*** Provided entries Section Begins ***

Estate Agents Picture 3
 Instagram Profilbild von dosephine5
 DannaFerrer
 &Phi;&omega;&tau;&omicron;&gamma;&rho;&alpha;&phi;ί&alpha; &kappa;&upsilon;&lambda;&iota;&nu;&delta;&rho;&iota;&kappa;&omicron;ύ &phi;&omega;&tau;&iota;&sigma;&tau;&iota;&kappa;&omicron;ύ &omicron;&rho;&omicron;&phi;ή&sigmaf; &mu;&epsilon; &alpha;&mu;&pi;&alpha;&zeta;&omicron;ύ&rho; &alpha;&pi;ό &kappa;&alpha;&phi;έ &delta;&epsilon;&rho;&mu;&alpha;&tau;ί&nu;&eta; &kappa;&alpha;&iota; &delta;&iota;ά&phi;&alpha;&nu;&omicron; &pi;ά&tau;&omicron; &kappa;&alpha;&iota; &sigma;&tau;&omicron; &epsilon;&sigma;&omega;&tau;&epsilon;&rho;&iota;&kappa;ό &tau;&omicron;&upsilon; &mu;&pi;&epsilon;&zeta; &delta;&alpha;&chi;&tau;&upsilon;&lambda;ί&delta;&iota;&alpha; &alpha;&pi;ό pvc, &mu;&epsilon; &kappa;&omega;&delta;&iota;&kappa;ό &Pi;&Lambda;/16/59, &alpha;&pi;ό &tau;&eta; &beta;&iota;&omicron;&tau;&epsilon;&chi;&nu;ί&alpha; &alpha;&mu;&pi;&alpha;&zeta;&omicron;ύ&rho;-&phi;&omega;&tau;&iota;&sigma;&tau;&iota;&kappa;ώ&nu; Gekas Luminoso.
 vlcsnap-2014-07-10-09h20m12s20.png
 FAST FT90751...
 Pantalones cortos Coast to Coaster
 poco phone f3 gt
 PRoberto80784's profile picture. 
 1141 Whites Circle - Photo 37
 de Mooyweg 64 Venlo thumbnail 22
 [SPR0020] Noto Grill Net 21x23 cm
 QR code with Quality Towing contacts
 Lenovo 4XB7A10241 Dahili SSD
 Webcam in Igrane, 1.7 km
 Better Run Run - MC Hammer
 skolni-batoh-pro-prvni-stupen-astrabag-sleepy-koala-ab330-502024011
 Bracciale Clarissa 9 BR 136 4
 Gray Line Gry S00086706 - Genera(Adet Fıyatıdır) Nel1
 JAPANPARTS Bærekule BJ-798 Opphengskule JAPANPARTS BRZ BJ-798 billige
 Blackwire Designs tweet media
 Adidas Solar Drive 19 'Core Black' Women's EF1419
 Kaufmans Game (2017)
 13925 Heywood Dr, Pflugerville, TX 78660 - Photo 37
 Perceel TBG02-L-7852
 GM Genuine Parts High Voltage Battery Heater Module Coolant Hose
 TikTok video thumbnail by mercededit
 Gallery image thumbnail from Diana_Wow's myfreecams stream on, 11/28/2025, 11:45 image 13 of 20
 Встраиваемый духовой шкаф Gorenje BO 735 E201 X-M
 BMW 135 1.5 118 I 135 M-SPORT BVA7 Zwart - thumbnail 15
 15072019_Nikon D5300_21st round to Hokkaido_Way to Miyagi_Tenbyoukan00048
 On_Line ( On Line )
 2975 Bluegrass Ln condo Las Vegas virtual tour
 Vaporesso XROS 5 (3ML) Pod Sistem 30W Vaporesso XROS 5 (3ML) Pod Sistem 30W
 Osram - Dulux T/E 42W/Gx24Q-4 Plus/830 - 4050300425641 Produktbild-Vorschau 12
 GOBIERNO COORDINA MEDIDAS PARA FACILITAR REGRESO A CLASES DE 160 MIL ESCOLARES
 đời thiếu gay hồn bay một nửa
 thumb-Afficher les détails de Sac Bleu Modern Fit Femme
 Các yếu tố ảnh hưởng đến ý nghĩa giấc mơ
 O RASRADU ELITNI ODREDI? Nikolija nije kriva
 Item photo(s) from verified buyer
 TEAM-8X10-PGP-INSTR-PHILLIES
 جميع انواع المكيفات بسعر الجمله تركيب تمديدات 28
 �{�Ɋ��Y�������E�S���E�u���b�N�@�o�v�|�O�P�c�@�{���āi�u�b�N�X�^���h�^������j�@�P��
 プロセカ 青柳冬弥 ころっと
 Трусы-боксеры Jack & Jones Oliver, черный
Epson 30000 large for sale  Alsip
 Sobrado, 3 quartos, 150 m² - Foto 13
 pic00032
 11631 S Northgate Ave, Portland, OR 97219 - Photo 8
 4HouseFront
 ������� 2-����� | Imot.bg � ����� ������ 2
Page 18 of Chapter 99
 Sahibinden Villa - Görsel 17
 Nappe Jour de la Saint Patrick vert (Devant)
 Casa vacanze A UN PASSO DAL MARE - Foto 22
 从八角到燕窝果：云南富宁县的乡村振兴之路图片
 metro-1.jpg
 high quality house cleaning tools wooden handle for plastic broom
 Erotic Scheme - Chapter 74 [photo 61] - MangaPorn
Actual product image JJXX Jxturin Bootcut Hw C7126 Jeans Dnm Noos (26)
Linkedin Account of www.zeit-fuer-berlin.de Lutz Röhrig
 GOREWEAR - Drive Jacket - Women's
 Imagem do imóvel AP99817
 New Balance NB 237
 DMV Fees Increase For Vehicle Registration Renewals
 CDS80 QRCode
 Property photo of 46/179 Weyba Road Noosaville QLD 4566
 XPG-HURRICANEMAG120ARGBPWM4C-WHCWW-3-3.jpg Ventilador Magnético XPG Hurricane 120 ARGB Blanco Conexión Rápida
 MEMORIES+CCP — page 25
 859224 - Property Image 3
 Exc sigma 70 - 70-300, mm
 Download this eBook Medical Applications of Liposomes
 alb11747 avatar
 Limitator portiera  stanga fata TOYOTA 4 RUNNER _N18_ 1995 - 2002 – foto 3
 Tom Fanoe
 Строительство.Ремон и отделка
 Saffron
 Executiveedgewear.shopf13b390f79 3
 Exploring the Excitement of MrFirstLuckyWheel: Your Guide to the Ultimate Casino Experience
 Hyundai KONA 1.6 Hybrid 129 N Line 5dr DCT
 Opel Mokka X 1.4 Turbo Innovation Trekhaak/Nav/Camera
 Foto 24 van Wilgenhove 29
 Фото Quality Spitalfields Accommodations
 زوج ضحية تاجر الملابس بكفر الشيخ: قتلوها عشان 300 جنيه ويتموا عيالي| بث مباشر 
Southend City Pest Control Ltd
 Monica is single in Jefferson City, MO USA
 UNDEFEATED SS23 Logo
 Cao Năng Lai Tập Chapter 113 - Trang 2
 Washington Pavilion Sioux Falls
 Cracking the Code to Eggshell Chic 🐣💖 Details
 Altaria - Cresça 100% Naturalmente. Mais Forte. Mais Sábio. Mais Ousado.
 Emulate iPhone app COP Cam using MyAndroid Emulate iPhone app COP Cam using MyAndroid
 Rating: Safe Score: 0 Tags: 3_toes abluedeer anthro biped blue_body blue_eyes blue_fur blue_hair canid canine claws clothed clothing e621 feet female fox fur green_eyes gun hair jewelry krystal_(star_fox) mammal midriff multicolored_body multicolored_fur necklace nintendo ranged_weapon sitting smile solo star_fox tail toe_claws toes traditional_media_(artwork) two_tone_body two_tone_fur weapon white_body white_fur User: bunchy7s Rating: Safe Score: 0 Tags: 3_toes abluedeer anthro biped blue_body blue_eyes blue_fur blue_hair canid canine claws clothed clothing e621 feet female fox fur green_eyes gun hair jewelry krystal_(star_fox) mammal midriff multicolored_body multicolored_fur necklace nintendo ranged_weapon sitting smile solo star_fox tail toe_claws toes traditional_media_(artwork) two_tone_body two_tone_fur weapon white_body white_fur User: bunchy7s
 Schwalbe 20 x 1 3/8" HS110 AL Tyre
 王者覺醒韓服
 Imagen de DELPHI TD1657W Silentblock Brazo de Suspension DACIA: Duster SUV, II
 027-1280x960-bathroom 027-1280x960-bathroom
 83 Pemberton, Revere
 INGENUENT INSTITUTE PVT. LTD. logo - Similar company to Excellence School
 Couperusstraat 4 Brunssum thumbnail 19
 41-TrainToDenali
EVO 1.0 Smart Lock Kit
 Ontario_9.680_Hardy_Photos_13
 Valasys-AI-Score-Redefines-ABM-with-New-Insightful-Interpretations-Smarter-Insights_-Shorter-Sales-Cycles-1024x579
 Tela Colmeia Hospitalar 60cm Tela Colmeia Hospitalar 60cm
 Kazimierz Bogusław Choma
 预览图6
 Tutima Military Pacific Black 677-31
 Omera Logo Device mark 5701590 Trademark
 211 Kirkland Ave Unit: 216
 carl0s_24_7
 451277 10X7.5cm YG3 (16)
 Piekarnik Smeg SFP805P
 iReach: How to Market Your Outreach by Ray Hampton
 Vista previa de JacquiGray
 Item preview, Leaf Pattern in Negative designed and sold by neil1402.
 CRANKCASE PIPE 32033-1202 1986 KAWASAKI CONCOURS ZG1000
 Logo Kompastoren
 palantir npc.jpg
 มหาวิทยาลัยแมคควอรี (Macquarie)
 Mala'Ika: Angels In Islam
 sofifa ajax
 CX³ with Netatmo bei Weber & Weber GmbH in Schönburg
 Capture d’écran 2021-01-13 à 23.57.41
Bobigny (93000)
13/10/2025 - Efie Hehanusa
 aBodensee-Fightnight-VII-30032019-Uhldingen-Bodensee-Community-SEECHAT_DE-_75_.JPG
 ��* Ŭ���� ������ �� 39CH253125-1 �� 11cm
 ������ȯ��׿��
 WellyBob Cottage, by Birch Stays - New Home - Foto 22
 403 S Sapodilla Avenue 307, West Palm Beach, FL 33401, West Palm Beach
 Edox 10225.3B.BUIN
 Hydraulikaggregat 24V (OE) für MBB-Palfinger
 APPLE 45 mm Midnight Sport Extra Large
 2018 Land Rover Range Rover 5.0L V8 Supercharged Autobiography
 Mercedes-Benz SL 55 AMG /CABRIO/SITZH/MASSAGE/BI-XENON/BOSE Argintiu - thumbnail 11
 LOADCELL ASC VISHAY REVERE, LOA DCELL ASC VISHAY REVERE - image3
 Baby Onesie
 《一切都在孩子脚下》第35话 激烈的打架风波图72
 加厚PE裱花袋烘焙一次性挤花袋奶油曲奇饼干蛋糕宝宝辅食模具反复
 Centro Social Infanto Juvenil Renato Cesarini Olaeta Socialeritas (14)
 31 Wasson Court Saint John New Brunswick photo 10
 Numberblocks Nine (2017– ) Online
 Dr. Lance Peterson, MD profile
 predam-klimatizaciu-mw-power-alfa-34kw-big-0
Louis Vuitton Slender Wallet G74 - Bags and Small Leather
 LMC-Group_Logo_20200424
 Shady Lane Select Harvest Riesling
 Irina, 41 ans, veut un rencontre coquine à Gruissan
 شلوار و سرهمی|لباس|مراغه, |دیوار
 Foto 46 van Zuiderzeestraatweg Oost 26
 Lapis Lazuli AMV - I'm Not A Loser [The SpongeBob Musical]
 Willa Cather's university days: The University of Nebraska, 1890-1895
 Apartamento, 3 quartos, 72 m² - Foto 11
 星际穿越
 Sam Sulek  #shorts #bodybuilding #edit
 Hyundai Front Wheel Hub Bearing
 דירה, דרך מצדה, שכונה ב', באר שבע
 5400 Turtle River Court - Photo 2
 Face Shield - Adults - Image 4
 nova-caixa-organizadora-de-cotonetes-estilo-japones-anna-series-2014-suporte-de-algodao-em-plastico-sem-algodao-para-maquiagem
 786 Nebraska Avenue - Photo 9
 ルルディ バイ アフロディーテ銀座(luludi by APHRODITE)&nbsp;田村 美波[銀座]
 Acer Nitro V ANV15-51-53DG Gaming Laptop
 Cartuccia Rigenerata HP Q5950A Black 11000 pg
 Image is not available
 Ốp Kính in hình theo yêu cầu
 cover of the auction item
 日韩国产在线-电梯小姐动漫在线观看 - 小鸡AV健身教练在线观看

*** Provided entries Section Ends ***

• _Your objective_
Go through the listing above and list every line that has the word "Property".

• _Solution for this task_
 Property photo of 46/179 Weyba Road Noosaville QLD 4566
 859224 - Property Image 3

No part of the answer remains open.